62. "If someone's going to be unfairly attacked, I'd rather it not be me."

63. "Because cubicity is closed under addition--doesn't that sound good?"

64. "Tensor products, which are some sort of product. . . of tensors, I believe."

65. "Sergiy seems like a more serious lecturer, which is good, you get the soft jokes now and then next semester it's time to learn some shit."

66. "You're not going to go to heaven because you only needed two." (on the number of mixture components to include)

67. "I've never done it. I just read about it in my own book."

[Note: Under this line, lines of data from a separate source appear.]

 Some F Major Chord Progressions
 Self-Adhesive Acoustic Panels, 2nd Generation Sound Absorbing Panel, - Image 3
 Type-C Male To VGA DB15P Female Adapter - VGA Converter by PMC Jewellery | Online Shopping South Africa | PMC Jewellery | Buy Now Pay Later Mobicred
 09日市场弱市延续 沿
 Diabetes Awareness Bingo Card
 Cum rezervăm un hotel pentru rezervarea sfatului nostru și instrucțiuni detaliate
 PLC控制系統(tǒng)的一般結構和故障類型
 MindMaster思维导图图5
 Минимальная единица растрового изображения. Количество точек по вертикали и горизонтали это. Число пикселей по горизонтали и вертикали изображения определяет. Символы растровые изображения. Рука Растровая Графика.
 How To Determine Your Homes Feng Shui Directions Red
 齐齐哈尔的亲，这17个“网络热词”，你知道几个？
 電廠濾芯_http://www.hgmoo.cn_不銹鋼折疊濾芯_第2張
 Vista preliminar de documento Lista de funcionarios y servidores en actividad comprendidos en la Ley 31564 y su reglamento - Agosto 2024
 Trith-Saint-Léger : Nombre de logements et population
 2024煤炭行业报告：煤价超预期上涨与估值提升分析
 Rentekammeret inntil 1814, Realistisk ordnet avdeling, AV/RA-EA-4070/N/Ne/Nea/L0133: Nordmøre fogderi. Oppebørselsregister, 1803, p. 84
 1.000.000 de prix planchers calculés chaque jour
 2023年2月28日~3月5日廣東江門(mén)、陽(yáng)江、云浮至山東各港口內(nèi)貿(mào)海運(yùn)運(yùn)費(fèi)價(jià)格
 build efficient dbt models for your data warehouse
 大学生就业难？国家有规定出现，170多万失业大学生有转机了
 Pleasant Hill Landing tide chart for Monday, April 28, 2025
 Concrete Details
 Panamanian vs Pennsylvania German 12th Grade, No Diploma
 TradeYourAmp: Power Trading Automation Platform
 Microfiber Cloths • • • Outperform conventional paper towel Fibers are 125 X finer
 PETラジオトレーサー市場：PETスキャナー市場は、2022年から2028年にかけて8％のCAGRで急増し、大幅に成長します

68. (Someone asks how to compare models. Gelman writes in giant letters: OUT OF SAMPLE PREDICTION ERROR.) "So there's that."

69. "Better to have analyzed and lost than never to have analyzed the data at all."

70. "Hierarchical models: just like what you did before, but the standard errors are a little bit fatter."

71. "Political scientists have no pride. They'll use anything that works. Or doesn't work--it's not like they would know."

72. "You take what someone is doing and pretend they're being Bayesian."

73. "The full name of theoretical statistics is the theory of applied statistics."

74. "Statistics is applied statistics."

75. "The gambler's ruin problem, that's a theory about what happens when you're a gambler."

76. "Like he advocated plotting a rootogram instead of a histogram. You take the square root of the counts, because if the counts follow a Poisson and you . . . [gasps, covers mouth] oops, I said Poisson!" (Tukey covers his tracks so you only see the procedure, not the model)

77. "A Bayesian version will usually make things better."